§ **Directions**
Your reply should reproduce all the data below exactly while excluding the pictures.

*** Collected data Section Begins ***

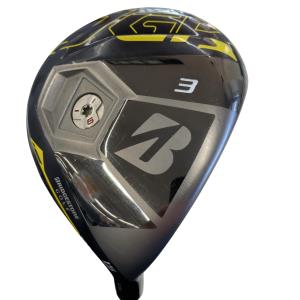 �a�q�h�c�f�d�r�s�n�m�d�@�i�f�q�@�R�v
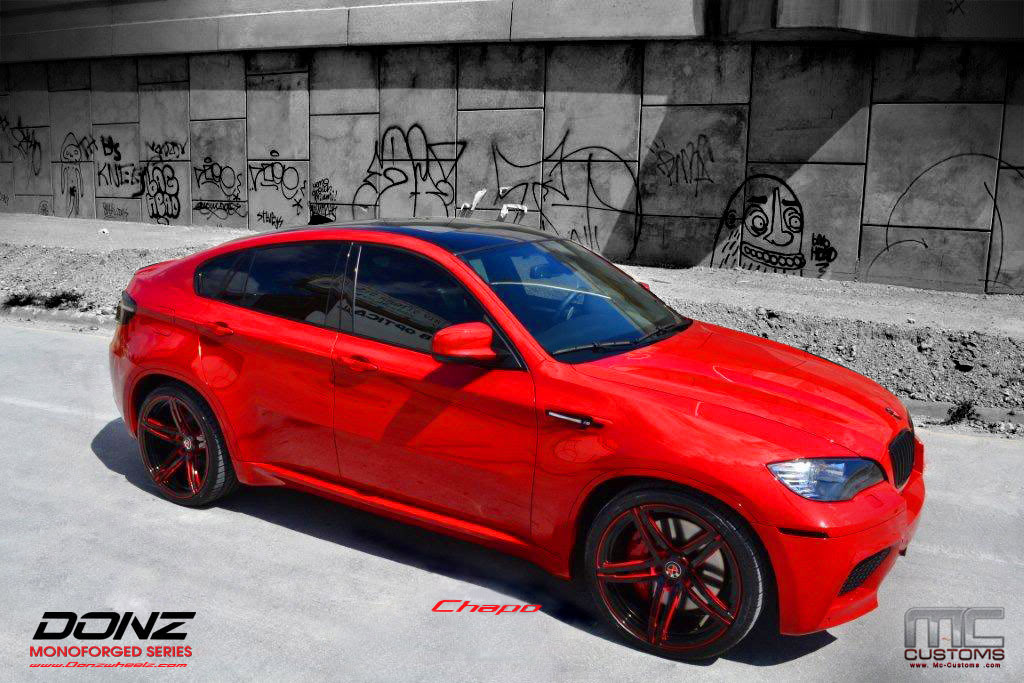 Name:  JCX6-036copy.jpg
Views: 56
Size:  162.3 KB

*** Collected data Section Ends ***

§ **Solution to the exercise**
 �a�q�h�c�f�d�r�s�n�m�d�@�i�f�q�@�R�v
 Name:  JCX6-036copy.jpg
Views: 56
Size:  162.3 KB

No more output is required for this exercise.